**MATERIAL TO PROCESS:**
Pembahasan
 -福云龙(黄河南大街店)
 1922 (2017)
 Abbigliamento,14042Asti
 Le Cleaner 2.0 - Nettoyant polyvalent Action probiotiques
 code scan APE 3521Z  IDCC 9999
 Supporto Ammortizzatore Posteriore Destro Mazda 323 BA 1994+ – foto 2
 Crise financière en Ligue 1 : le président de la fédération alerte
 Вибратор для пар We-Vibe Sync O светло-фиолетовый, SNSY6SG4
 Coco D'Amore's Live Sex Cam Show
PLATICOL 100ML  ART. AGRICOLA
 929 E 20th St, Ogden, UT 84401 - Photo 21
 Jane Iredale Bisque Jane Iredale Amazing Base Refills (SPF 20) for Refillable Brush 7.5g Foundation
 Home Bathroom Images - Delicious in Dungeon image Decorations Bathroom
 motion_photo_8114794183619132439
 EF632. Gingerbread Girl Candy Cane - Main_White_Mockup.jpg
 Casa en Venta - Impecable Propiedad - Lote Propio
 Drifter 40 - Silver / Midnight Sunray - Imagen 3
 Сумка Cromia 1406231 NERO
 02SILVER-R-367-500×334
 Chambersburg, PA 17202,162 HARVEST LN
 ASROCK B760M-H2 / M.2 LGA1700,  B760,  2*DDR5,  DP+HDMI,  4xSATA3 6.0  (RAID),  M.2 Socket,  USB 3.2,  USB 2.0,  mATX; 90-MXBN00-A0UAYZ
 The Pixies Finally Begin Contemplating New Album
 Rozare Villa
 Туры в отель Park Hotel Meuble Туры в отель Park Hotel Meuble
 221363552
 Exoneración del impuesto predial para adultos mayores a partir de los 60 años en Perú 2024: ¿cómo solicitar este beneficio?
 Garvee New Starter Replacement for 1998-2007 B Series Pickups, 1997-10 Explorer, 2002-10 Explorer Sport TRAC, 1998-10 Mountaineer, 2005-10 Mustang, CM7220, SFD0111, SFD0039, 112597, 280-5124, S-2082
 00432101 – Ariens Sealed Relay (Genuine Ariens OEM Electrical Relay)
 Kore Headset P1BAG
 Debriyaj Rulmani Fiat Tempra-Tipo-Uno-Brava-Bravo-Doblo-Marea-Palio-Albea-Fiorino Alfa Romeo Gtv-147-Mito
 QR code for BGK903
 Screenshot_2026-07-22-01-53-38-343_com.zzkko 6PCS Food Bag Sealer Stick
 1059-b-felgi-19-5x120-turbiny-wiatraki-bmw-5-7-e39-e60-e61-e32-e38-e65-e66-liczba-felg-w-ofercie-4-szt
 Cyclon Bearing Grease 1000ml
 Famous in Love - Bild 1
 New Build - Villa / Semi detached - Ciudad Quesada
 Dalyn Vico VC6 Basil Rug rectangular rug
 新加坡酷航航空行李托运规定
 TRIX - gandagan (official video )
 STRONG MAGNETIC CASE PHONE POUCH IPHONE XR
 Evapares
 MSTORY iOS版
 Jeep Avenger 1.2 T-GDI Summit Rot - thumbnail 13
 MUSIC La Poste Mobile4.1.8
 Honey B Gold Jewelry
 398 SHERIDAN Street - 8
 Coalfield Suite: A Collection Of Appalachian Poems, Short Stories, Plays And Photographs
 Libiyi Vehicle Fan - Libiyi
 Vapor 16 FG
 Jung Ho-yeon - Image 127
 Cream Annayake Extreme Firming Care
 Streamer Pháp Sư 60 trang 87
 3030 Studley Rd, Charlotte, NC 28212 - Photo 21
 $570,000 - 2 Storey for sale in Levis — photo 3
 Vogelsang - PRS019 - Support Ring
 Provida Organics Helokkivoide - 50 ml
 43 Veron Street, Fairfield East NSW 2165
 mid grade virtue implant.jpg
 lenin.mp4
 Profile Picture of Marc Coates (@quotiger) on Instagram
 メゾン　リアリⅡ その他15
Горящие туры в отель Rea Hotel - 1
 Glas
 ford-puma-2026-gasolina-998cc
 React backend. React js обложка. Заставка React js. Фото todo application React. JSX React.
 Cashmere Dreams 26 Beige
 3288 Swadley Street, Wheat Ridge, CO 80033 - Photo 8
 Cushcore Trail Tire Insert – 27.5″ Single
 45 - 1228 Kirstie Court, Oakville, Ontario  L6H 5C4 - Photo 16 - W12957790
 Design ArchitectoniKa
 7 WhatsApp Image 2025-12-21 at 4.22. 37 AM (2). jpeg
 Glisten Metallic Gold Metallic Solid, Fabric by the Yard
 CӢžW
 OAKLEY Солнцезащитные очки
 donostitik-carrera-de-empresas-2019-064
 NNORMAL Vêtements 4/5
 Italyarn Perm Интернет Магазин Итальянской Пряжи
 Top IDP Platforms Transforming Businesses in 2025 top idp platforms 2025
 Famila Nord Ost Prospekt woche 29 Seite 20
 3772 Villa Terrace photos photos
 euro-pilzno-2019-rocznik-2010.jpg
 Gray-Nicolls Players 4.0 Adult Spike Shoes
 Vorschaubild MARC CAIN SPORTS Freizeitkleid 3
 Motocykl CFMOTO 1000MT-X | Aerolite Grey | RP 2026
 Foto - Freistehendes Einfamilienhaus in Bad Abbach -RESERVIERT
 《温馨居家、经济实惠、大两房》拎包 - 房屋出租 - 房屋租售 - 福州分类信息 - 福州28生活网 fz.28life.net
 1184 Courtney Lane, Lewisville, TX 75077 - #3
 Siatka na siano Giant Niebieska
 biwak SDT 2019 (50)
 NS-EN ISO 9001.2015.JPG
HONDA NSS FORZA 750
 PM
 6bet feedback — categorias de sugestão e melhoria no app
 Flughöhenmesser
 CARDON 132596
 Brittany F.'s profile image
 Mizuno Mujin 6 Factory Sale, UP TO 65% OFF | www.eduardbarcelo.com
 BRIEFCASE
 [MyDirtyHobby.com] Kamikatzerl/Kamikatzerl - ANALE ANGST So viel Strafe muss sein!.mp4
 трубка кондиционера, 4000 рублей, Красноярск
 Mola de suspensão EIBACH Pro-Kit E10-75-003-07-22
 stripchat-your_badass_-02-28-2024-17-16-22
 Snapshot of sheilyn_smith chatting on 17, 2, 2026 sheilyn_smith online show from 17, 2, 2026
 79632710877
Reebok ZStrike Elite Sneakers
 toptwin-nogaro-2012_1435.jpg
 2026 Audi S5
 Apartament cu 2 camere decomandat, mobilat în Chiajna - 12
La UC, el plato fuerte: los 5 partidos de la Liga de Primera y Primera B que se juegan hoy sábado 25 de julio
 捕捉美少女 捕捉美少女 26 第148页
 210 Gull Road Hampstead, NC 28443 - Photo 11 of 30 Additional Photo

**PROBLEM DETAILS:**
Once the line containing "stripchat-your_badass_-02-28-2024-17-16-22" is found, output it and each line after it through the end of the listing above, exactly, with nothing else.

**SOLVED PROBLEM:**
 stripchat-your_badass_-02-28-2024-17-16-22
 Snapshot of sheilyn_smith chatting on 17, 2, 2026 sheilyn_smith online show from 17, 2, 2026
 79632710877
Reebok ZStrike Elite Sneakers
 toptwin-nogaro-2012_1435.jpg
 2026 Audi S5
 Apartament cu 2 camere decomandat, mobilat în Chiajna - 12
La UC, el plato fuerte: los 5 partidos de la Liga de Primera y Primera B que se juegan hoy sábado 25 de julio
 捕捉美少女 捕捉美少女 26 第148页
 210 Gull Road Hampstead, NC 28443 - Photo 11 of 30 Additional Photo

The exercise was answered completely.